RECORDS FOR PROCESSING>
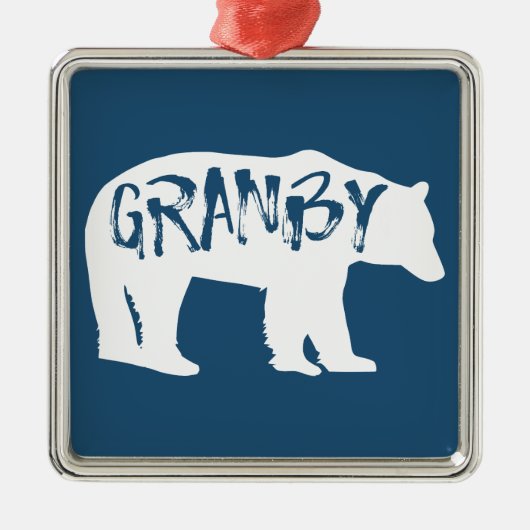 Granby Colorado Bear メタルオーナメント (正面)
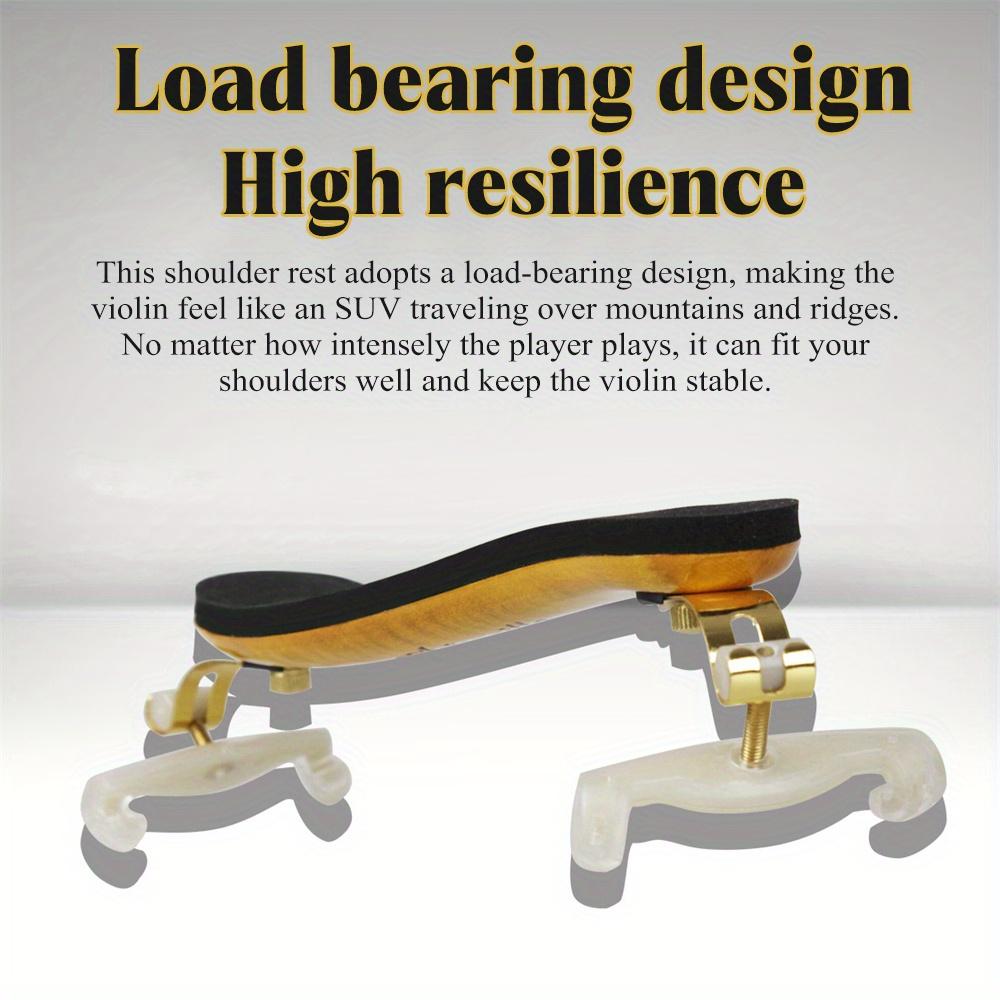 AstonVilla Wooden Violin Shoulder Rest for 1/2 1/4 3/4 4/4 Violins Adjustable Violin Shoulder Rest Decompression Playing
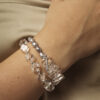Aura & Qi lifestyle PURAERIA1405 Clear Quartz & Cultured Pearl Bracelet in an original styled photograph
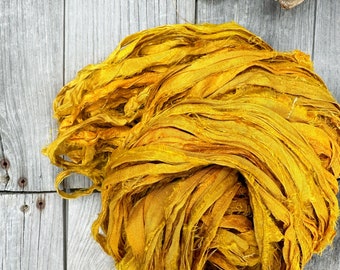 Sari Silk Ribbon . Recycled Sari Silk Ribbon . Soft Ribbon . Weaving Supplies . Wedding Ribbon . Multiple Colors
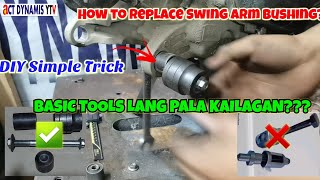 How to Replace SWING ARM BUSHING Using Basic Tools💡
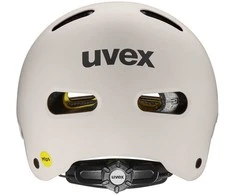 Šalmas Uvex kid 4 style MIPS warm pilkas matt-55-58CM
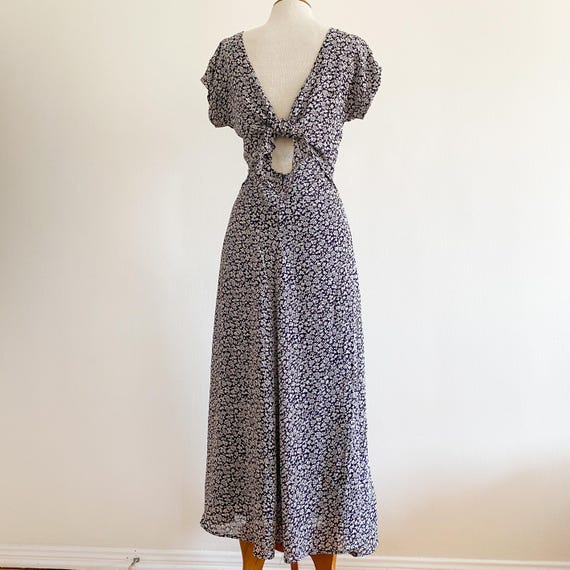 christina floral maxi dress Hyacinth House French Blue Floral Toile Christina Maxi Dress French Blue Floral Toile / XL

* * *

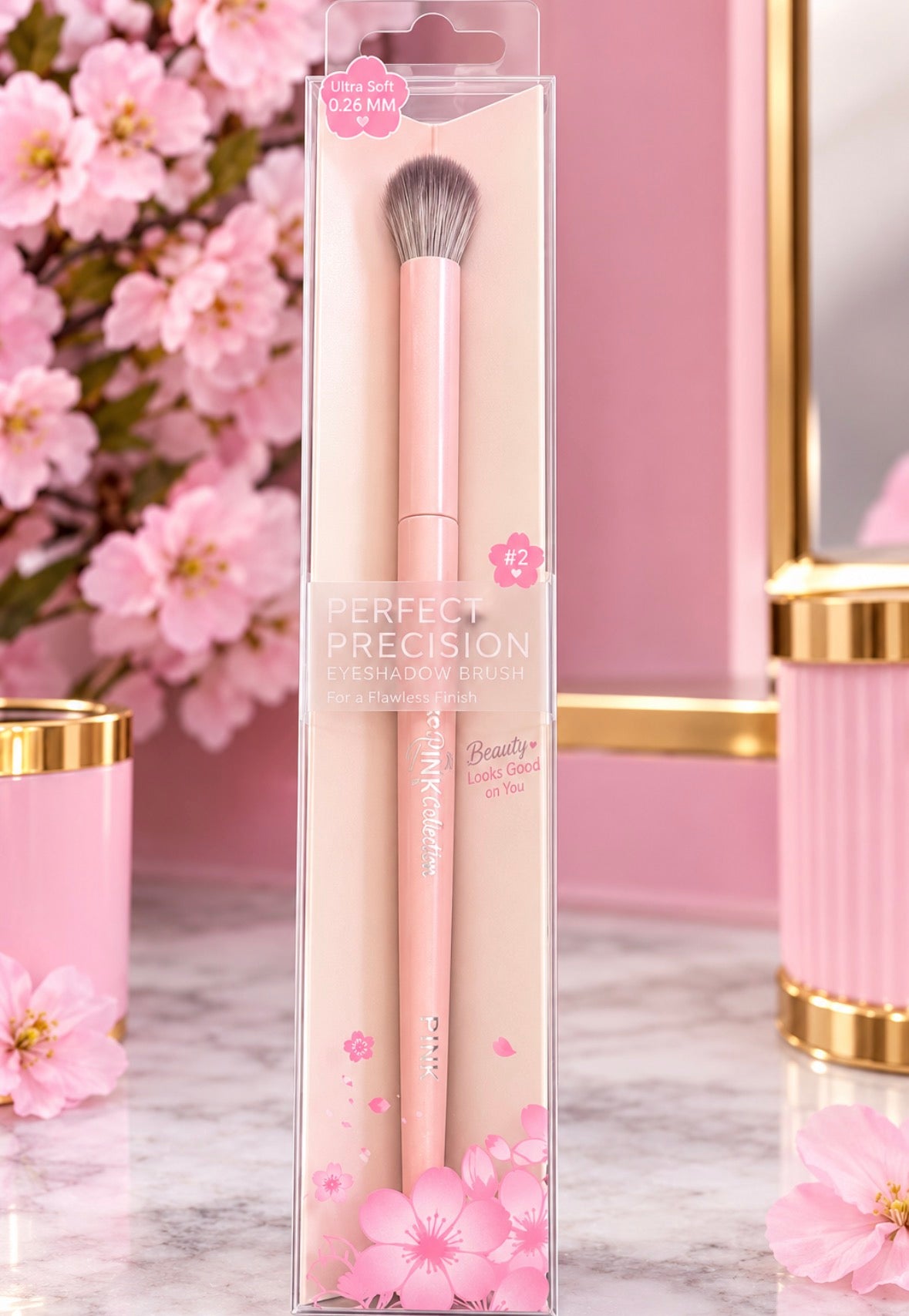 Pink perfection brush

==

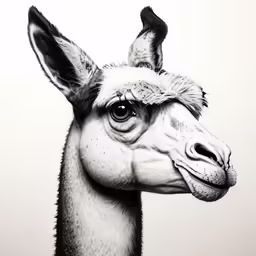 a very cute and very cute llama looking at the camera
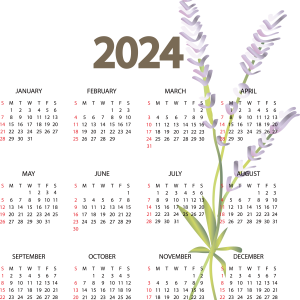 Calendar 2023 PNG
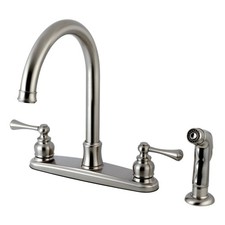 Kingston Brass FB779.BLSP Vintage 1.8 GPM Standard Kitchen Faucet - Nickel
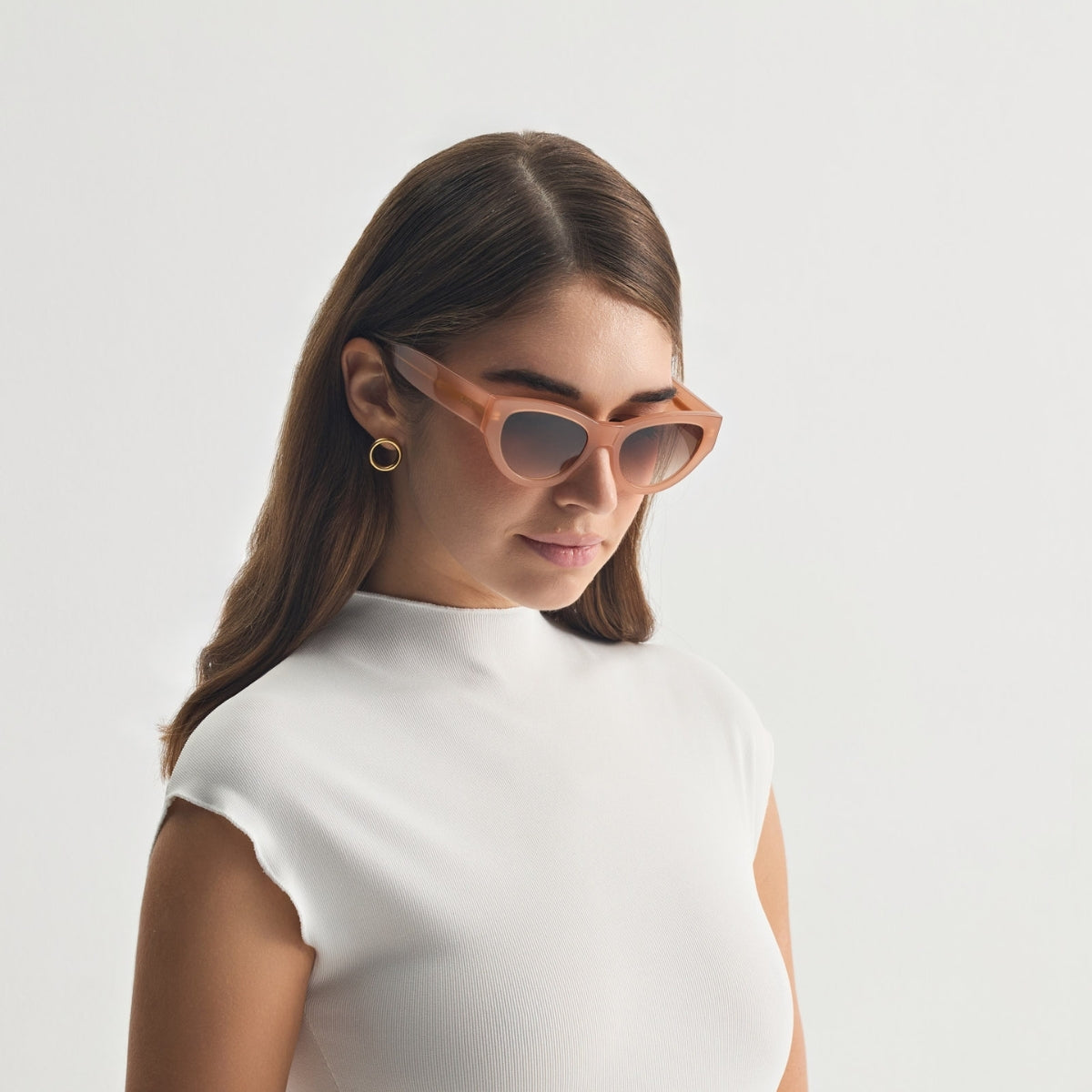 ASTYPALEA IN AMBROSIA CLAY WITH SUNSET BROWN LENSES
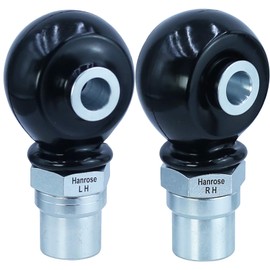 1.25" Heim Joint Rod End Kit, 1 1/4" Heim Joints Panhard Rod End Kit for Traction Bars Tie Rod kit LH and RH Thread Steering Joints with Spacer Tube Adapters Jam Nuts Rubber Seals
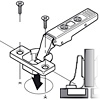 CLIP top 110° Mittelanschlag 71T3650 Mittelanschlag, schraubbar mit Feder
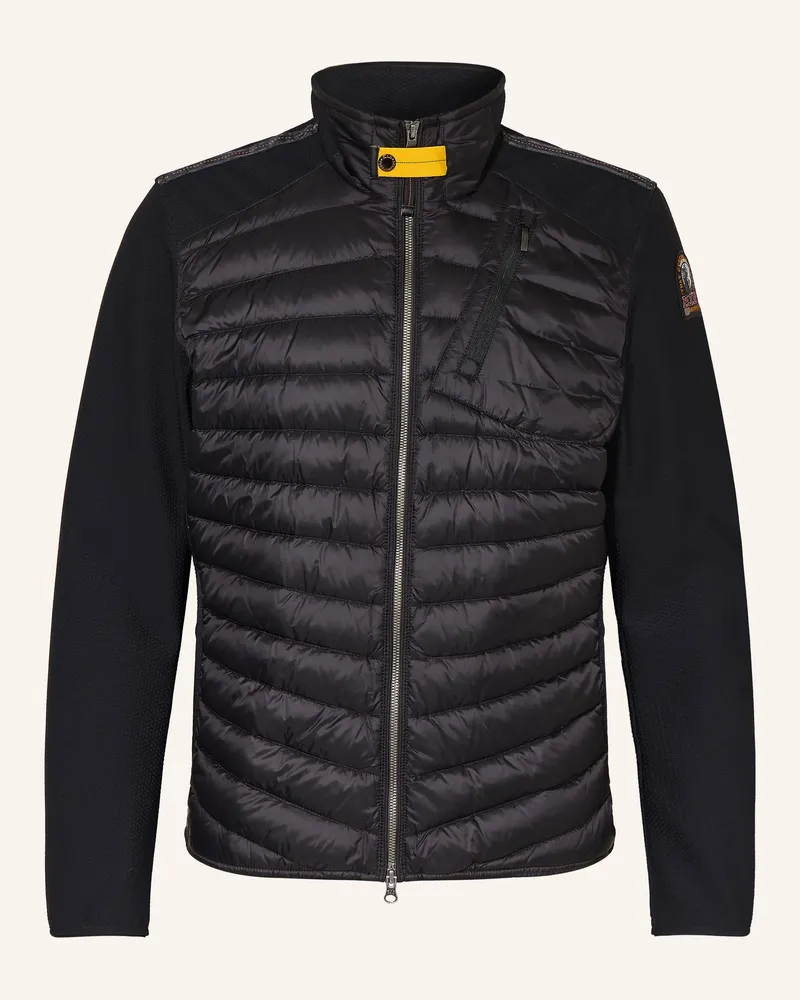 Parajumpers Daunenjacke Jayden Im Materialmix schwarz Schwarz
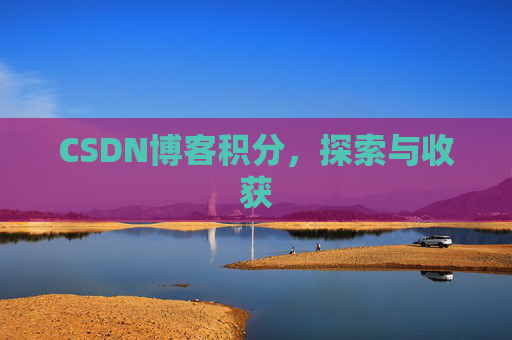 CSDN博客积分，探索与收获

WHAT THE TASK ASKS> All that is wanted is the lines above between the one containing "Šalmas Uvex kid" and the one containing "christina floral maxi", inclusive, restated word for word, with pictures omitted.

WORKED SOLUTION>
 Šalmas Uvex kid 4 style MIPS warm pilkas matt-55-58CM
 christina floral maxi dress Hyacinth House French Blue Floral Toile Christina Maxi Dress French Blue Floral Toile / XL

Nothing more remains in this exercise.